L’eucalyptol, un composé chimique naturel probablement dérivé d’aliments d’origine végétale et d’arômes présents dans le régime alimentaire d’une personne, était très abondant dans l’odeur corporelle du sujet humain le moins apprécié de la cohorte de six personnes.
Les chercheurs ont été surpris par l’efficacité avec laquelle les moustiques pouvaient localiser et choisir entre les potentiels repas humains dans l’immense arène.
Selon Stephanie Rankin-Turner, chimiste analytique et coauteure de l’étude :
Lorsque l’on voit un objet sorti d’un minuscule laboratoire où les odeurs sont présentes et que les moustiques le trouvent encore dans ce grand espace ouvert dans un champ en Zambie, on se rend vraiment compte de la puissance de ces moustiques en tant que chercheurs d’hôtes.
La recherche portait sur le moustique africain du paludisme, un vecteur prolifique du paludisme dans toute l’Afrique subsaharienne, et visait à mieux comprendre les facteurs qui déterminent l’attrait de l’homme pour le vecteur de la maladie.

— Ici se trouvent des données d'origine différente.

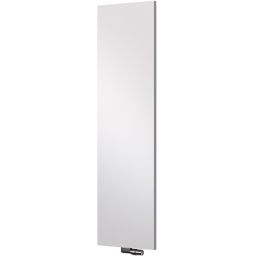 Kermi Niva grzejnik łazienkowy dekoracyjny 182x42 cm biały D8N1V18400808XK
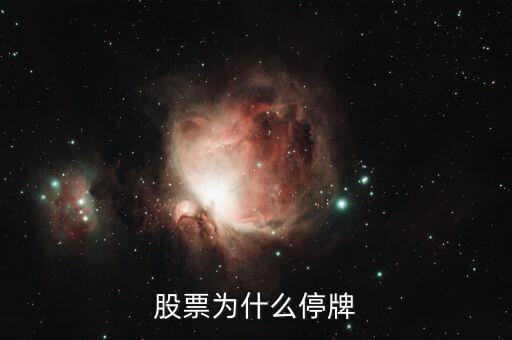 福星股份為什么停牌，福星股份每股凈資產(chǎn)為何少了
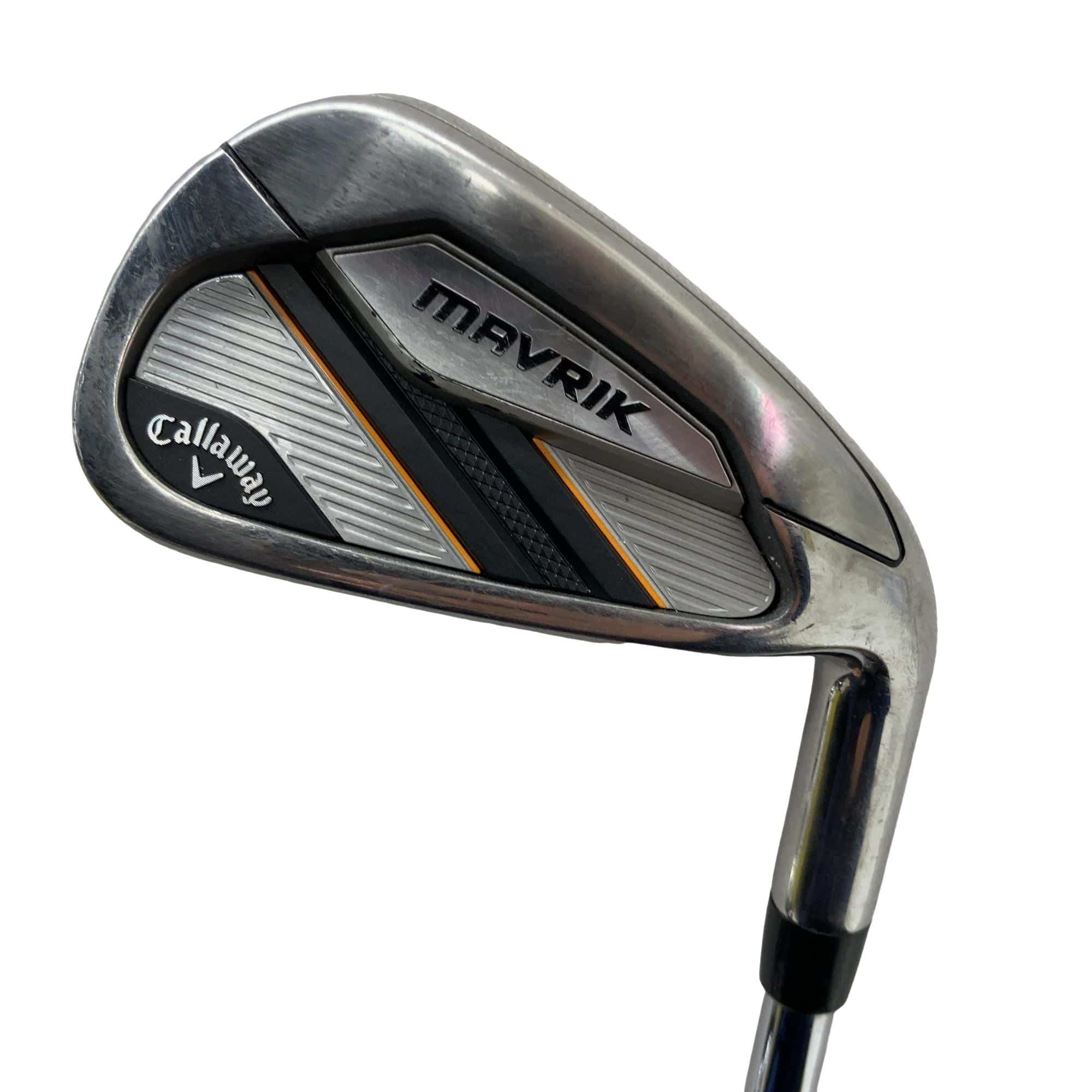 �l�`�u�q�h�j�@�@�T�r�i���{���F�T�{�Z�b�g�j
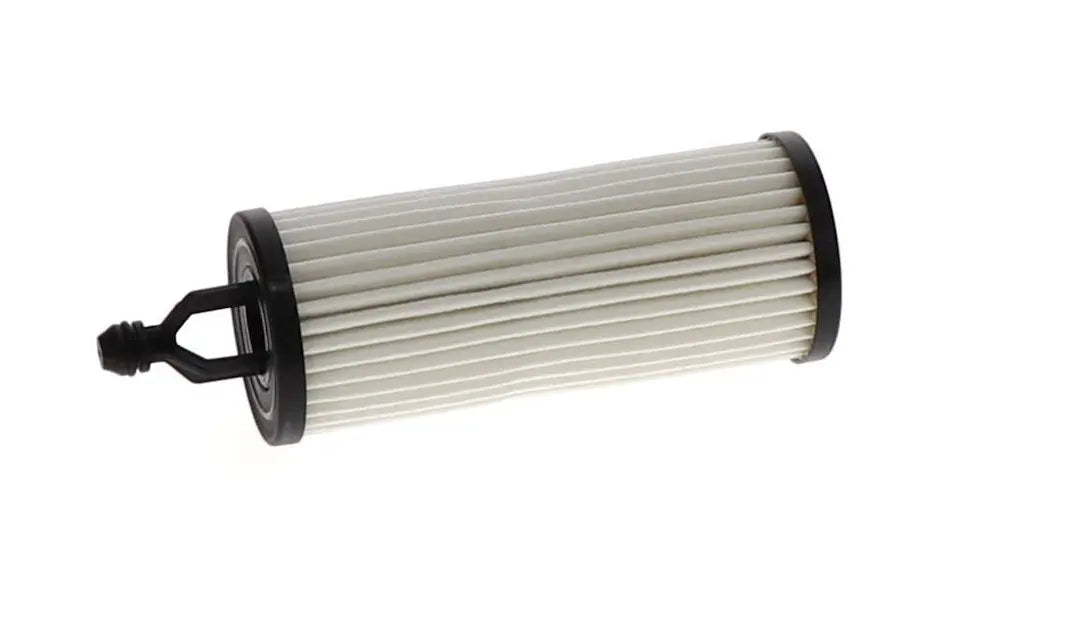 WIX FILTR LD WL10010XP Oil Filter for Enhanced Engine Protection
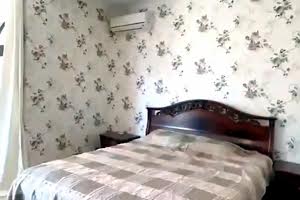 будинок за адресою Березневий пров.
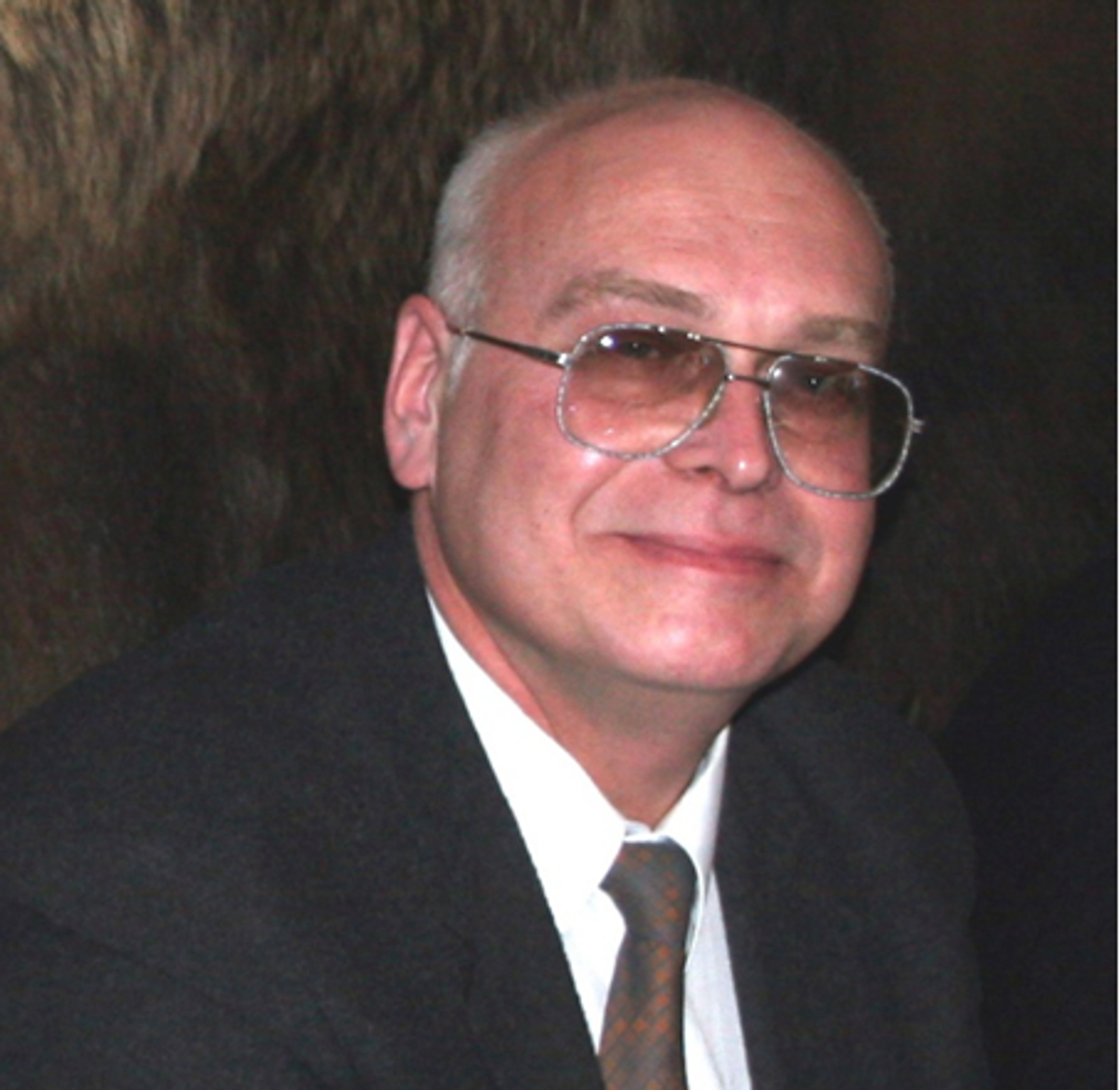Makeev Oleg Germanovich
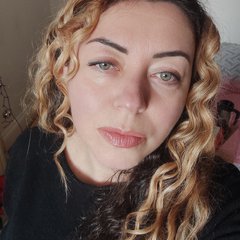 Visit Nataliia Plakhotnyk shop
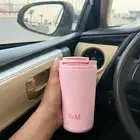 مق هاف مليون الوردي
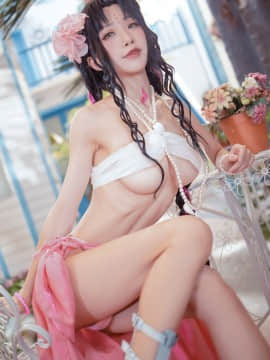 [水淼]  Sesshouin Kiara Bikini_01_Aqua_Sesshouin_Kiara_Bikini_1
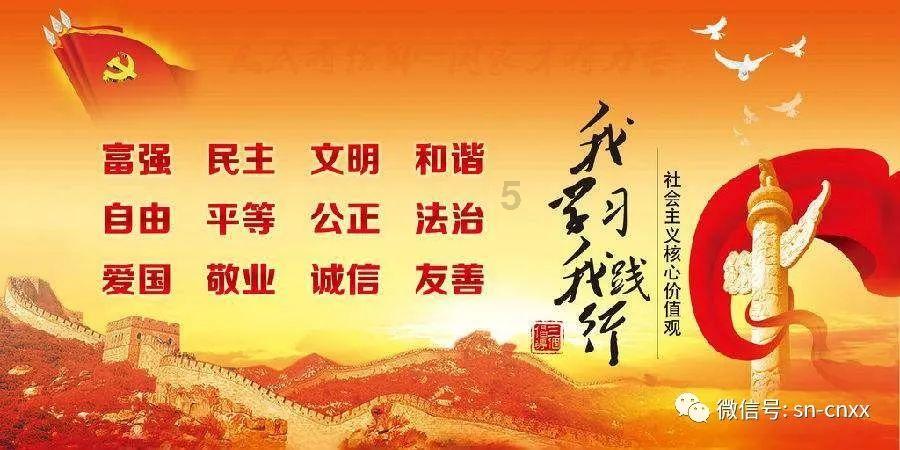 男朋友在经济上斤斤计较怎么办?-精准答疑,专业问答平台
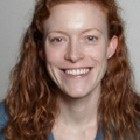 Dr. Elizabeth E Kirkham, MD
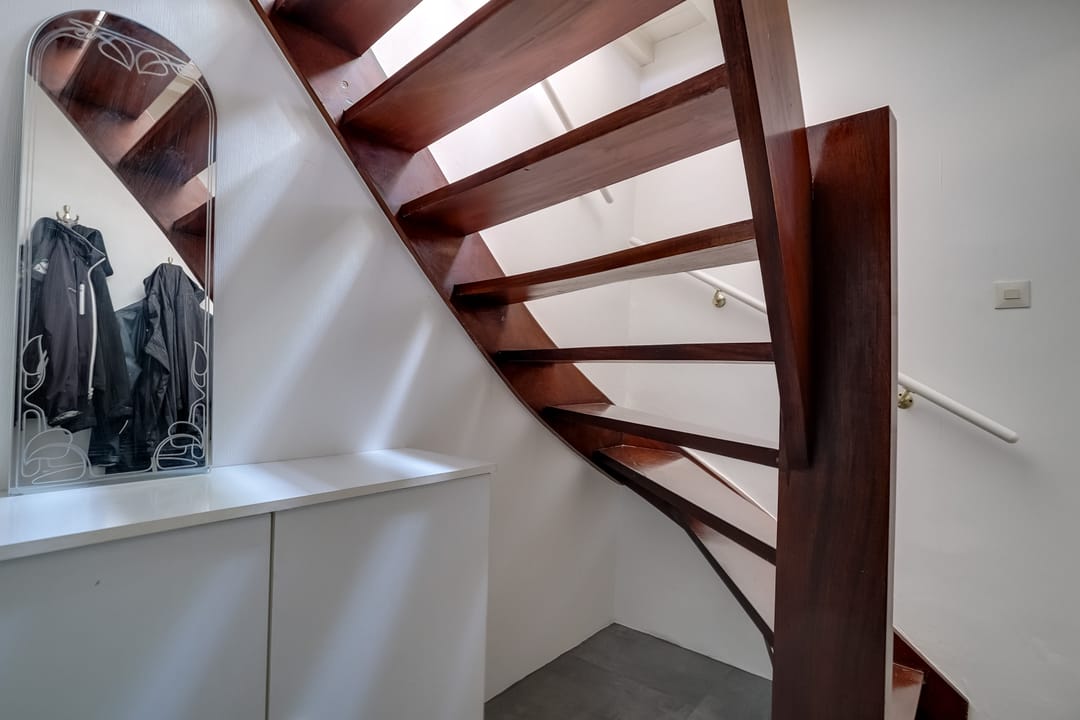 Foto 26 van Westerhaven 19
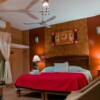 Hotel Mayahau Coba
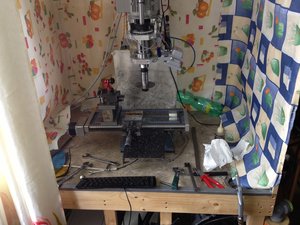 image.jpg (2541 просмотр) <a class='original' href='./download/file.php?id=14941&mode=view' target=_blank>Загрузить оригинал (2 МБ)</a>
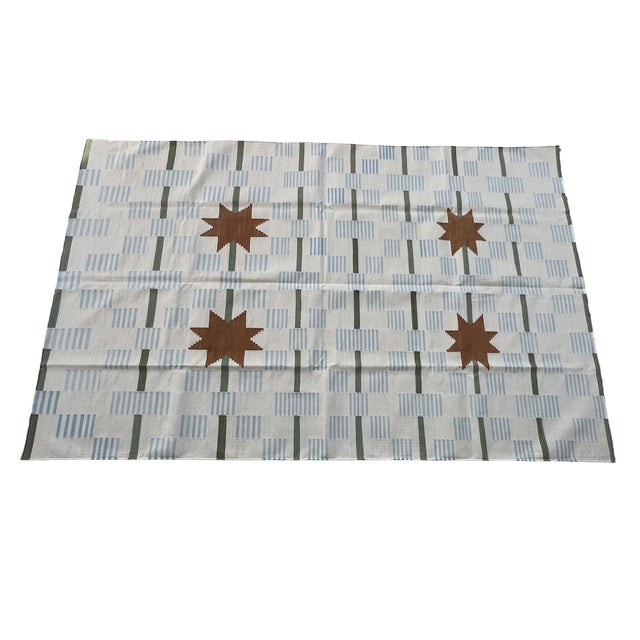 Looking for a custom size or color? For more information on customization capabilities, please reach out to...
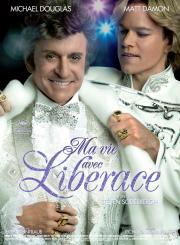 Behind the Candelabra (Ma vie avec Liberace)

Le résumé graphique de l’étude. (Diego Giraldo et col./ Current Biology)
De précédentes recherches ont montré que les moustiques utilisent une série d’indices sensoriels pour identifier leurs cibles, notamment la chaleur émise par le corps, les odeurs, le dioxyde de carbone et l’humidité, ainsi que des indices visuels. Ces indices ont des portées spatiales différentes : la chaleur peut atteindre 50 cm, les indices visuels entre 5 et 15 m, tandis que le dioxyde de carbone et l’odeur corporelle peuvent s’étendre jusqu’à 60 m.
L’étude publiée dans Current Biology : Human scent guides mosquito thermotaxis and host selection under naturalistic conditions et présentée sur le site de la Johns Hopkins Bloomberg School of Public Health de l’Université Johns Hopkins : The Chemistry of Mosquito Attraction.